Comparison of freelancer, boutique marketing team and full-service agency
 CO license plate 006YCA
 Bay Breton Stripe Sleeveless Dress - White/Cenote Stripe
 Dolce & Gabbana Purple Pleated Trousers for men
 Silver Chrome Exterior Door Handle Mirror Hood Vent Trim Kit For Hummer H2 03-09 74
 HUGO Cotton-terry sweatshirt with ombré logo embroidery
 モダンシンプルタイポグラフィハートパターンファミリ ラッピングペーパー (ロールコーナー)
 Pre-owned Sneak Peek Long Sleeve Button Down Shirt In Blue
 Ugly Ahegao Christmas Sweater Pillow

+++

What you are asked to do |
Write the material out once more, keeping each line exact.

Exercise solution |
Comparison of freelancer, boutique marketing team and full-service agency
 CO license plate 006YCA
 Bay Breton Stripe Sleeveless Dress - White/Cenote Stripe
 Dolce & Gabbana Purple Pleated Trousers for men
 Silver Chrome Exterior Door Handle Mirror Hood Vent Trim Kit For Hummer H2 03-09 74
 HUGO Cotton-terry sweatshirt with ombré logo embroidery
 モダンシンプルタイポグラフィハートパターンファミリ ラッピングペーパー (ロールコーナー)
 Pre-owned Sneak Peek Long Sleeve Button Down Shirt In Blue
 Ugly Ahegao Christmas Sweater Pillow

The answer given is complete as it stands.